AMNESTY INTERNATIONAL-PRESS RELEASE
AI Index: AFR 01/010/2004
10 May 2004

As government officials and civil society representatives meet in Entebbe,
Uganda, on 10 and 11 May to discuss the death penalty in Commonwealth
African countries, Amnesty International welcomes positive action across
Africa to abolish capital punishment. About half of the countries in
Africa no longer execute convicted prisoners.

In 1990, only Cape Verde had no provision for capital punishment in its
legislation. By 2002, 10 countries in Africa had de jure abolished the
death penalty, while 10 others had de facto abolished it.

Over the past 10 years the number of countries of the Economic Community
of West African States and Mauritania that have legally abolished the
death penalty or have not carried out executions has risen from one to 10.
Only Guinea, Liberia, Nigeria and Sierra Leone have carried out executions
in the last decade.

In Nigeria the last person to be executed was hanged on 3 January 2001, as
far as Amnesty International is aware. President Olusegun Obasanjo has
repeatedly declared his opposition to the death penalty and in November
2003 initiated the National Study Group on the Death Penalty with a
mandate to conduct a national debate on the issue and to make
recommendations to the Federal Government by June 2004. Amnesty
International is urging the National Study Group on the Death Penalty to
recommend a complete abolition of the death penalty for all crimes.

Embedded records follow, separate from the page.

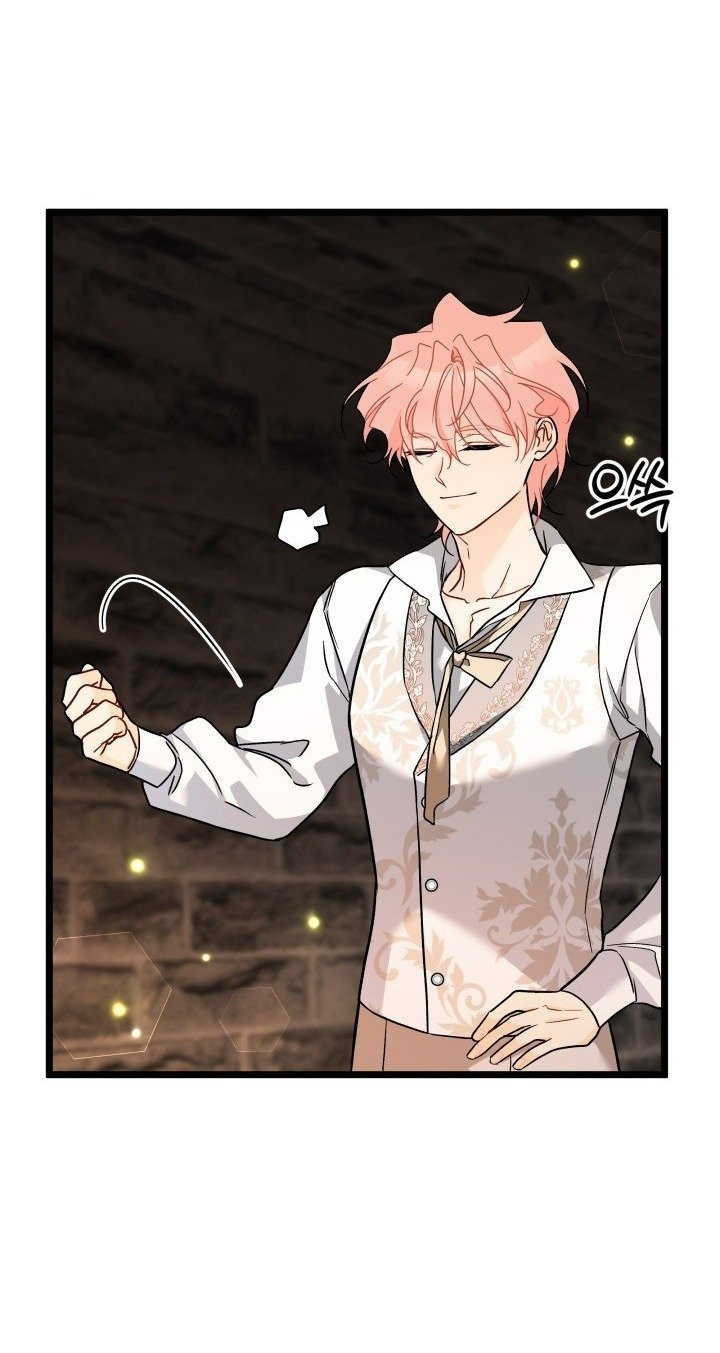 mối liên kết giữa báo đen và bé thỏ chapter 157 25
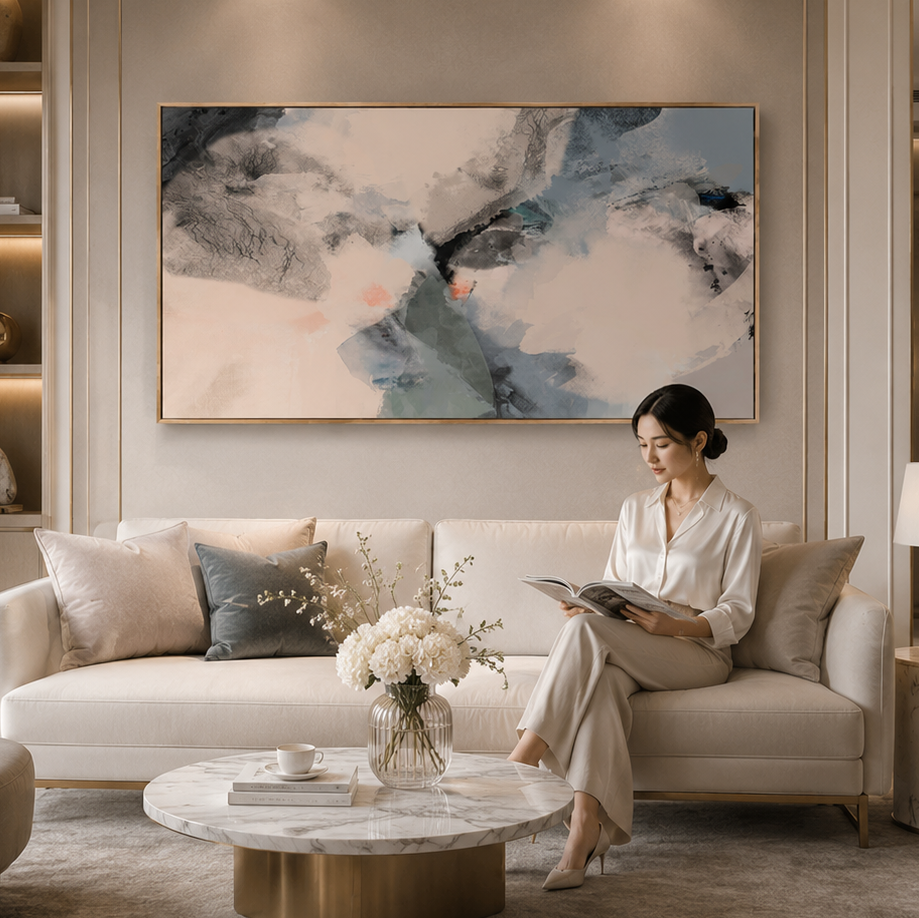 Subtle Elegance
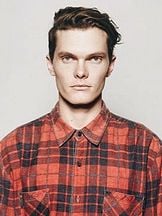 foto de Luke Baines (I)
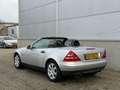 Mercedes-Benz SLK 200 AUTOMAAT AIRCO|CRUISE|LEER|LM| Gris - thumbnail 3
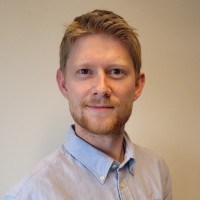 M&E Engineering A/S Employee Mikkel Friis's profile photo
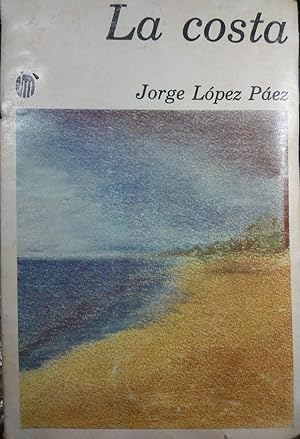Seller image for La costa for sale by Librera Monte Sarmiento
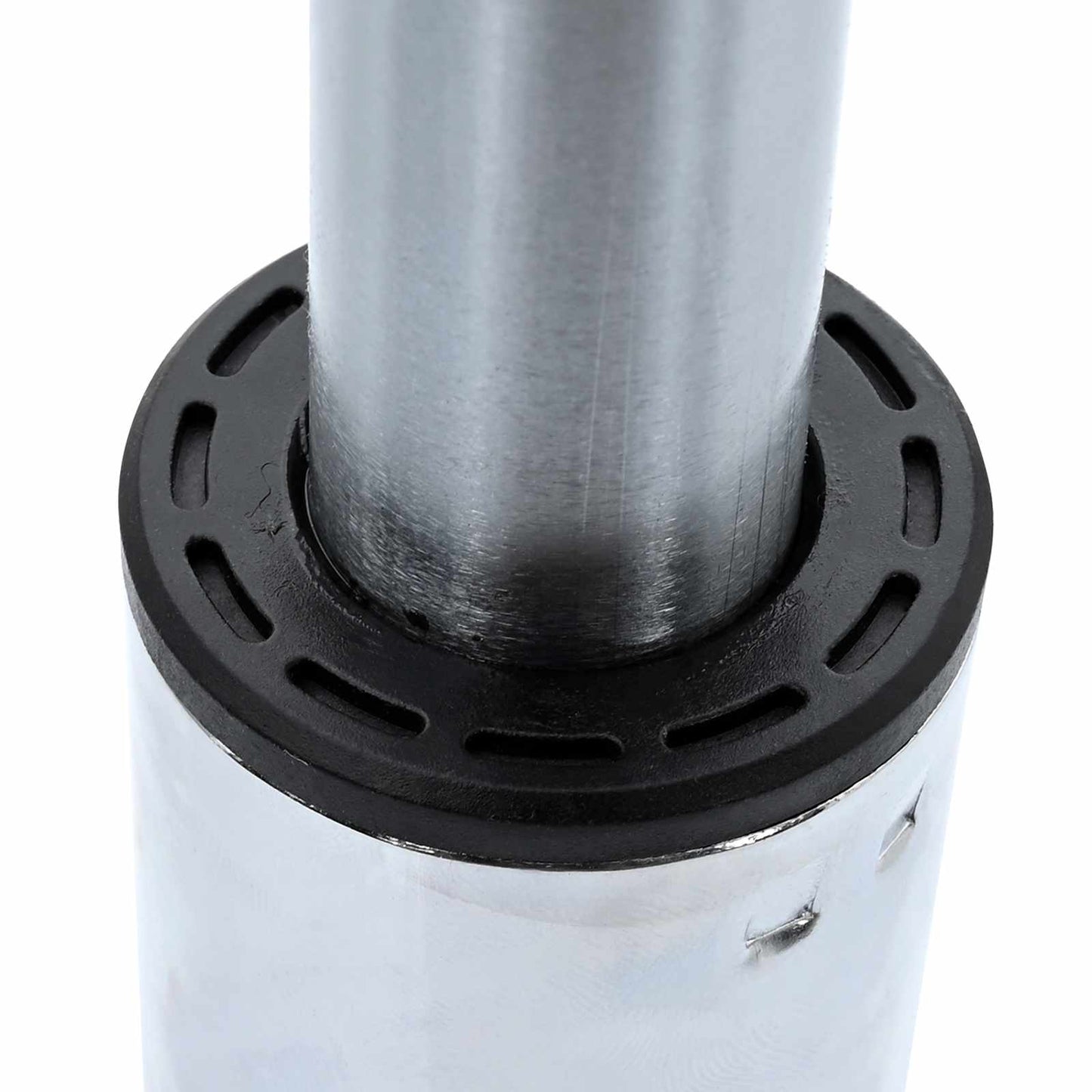 Bürostuhl Gaszylinder Chrom 261-351 mm Eisen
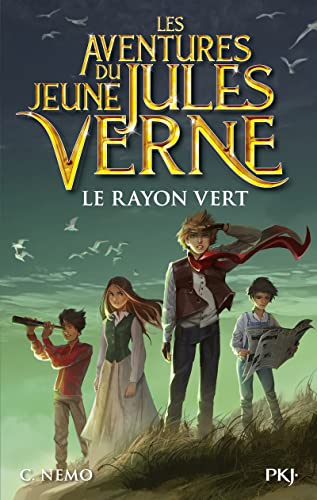Le rayon vert: 8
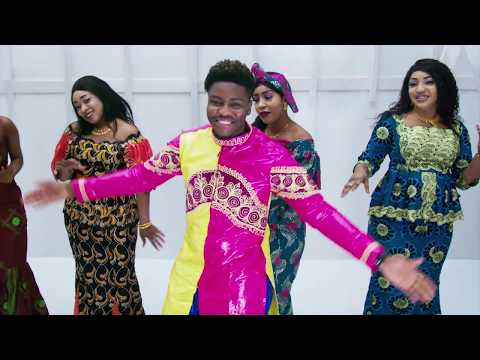 DONKO M'BOUP - FATIMATA DEMBELE MADAME MBODJI (CLIP OFFICIEL 2020)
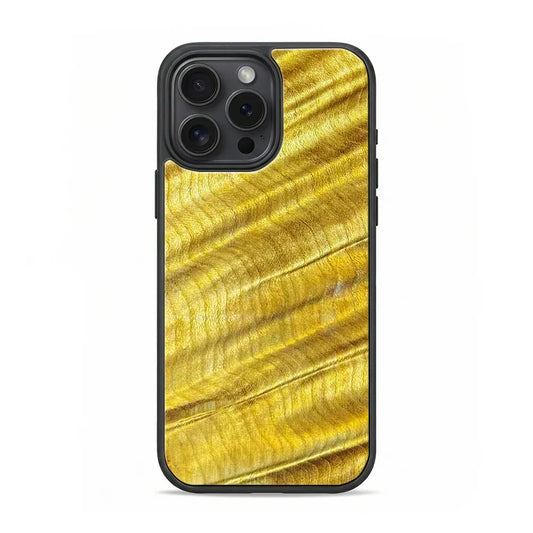 Burnished Zenith - Signature Grain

Since 1990 five countries of the Southern African Development Community
(SADC) - - Angola, Mauritius, Mozambique, Namibia and South Africa - -
have abolished capital punishment. Other SADC countries have made positive
progress. In Malawi, although the death penalty is still on the statue
books, there have been no executions since 1992 and President Muluzi has
made a personal commitment not to sign execution orders while in office.
He has repeatedly commuted death sentences. President Mawanawasa of Zambia
has made a similar commitment not to sign execution orders, and has
commuted 60 death sentences so far this year.

No executions have been carried out in Kenya since the mid 1980s and in
2003 President Kibaki commuted 195 death sentences.

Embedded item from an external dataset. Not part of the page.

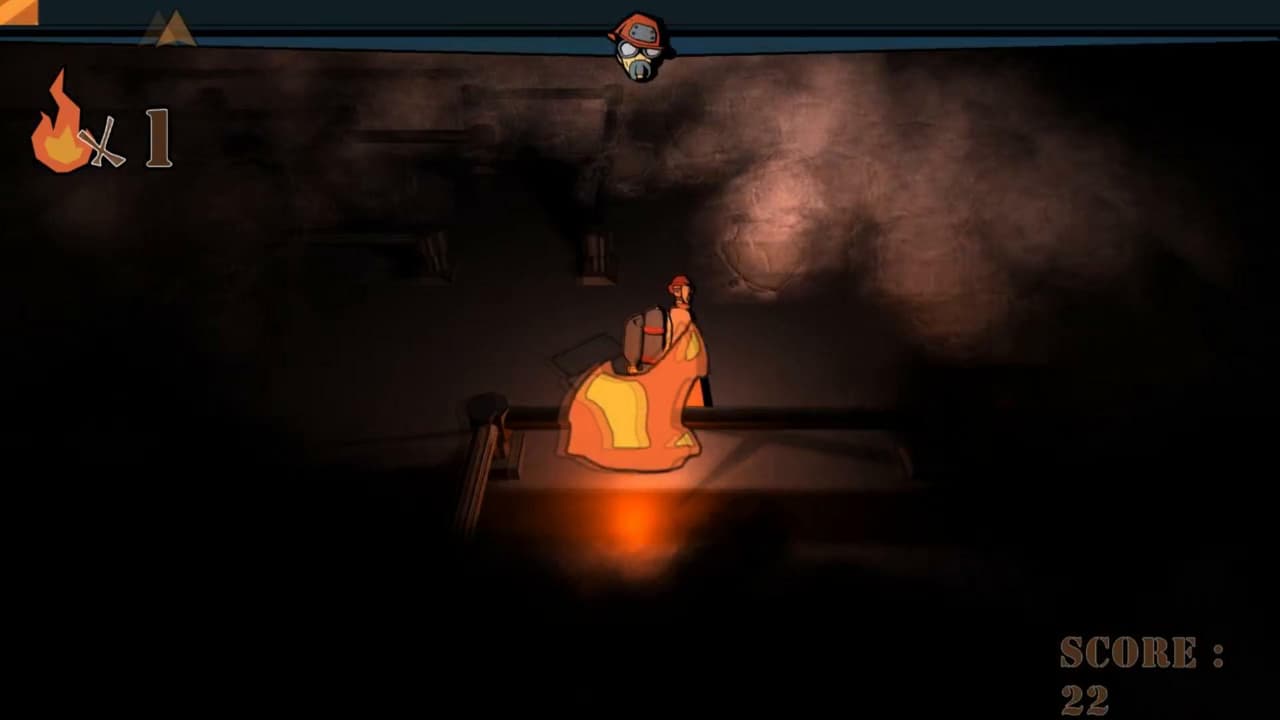 Play With Fire (itch) screenshot 3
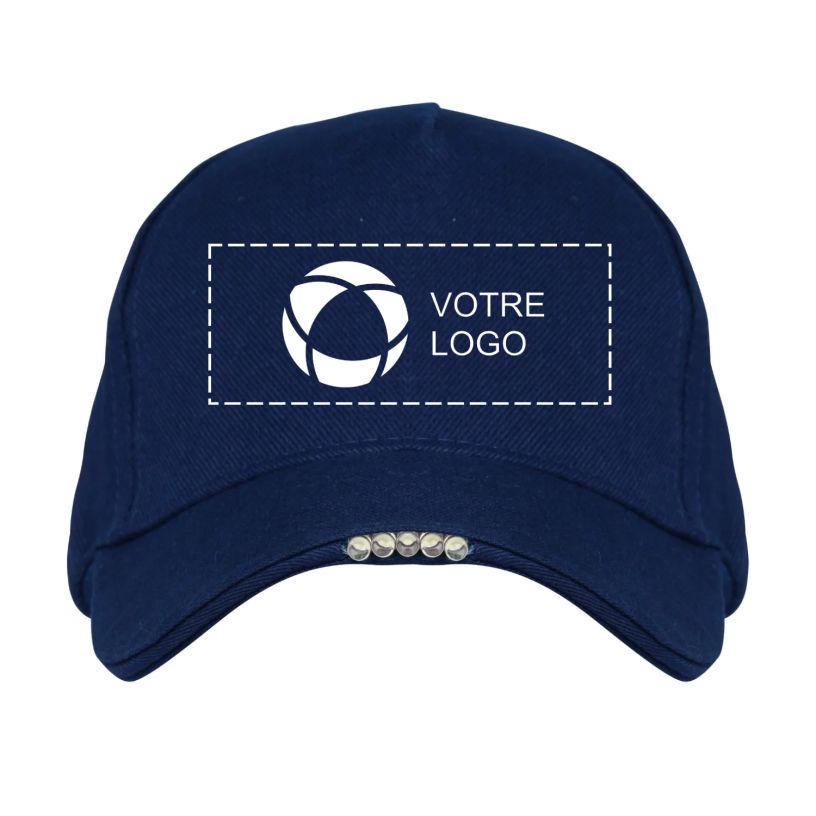 Exemple 1 de produit sélectionné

"There is a clear trend worldwide and across Africa towards abolition of
the death penalty. Worldwide, an average of three countries a year
abolishes capital punishment," Amnesty International said.

Some 20 countries in Africa have so far ratified the Rome Statute of the
International Criminal Court. National legislation in those countries
should be consistent with the Rome Statute, which states that the maximum
penalty that the Court can impose is life imprisonment. It is
inappropriate for national courts to impose a more severe penalty than
that chosen by the international community for acts of genocide, crimes
against humanity, war crimes and other serious violations of international
law.

Equally, the Statute of the Special Court for Sierra Leone established by
the United Nations and the Sierra Leone government to try those bearing
the greatest responsibility for crimes against humanity, war crimes and
other serious violations of international law during Sierra Leone's
internal armed conflict, provides a maximum sentence of life imprisonment,
whereas those convicted before national courts of offences which may be
less grave could face execution. This serious discrepancy must be removed
by abolition of death penalty in national law. Amnesty International
opposes the death penalty in all circumstances. It is a violation of the
right to life and is the ultimate cruel, degrading and inhumane
punishment. The death penalty has never been shown to deter crime more
effectively than other punishments.

"All African countries that have not yet abolished the death penalty
should establish a moratorium with immediate effect in line with the
African Commission on Human and Peoples' Rights resolution on the death
penalty adopted at the 26th Ordinary Session in November 1999 in Kigali,
Rwanda, with a view to moving towards complete abolition," Amnesty
International urged.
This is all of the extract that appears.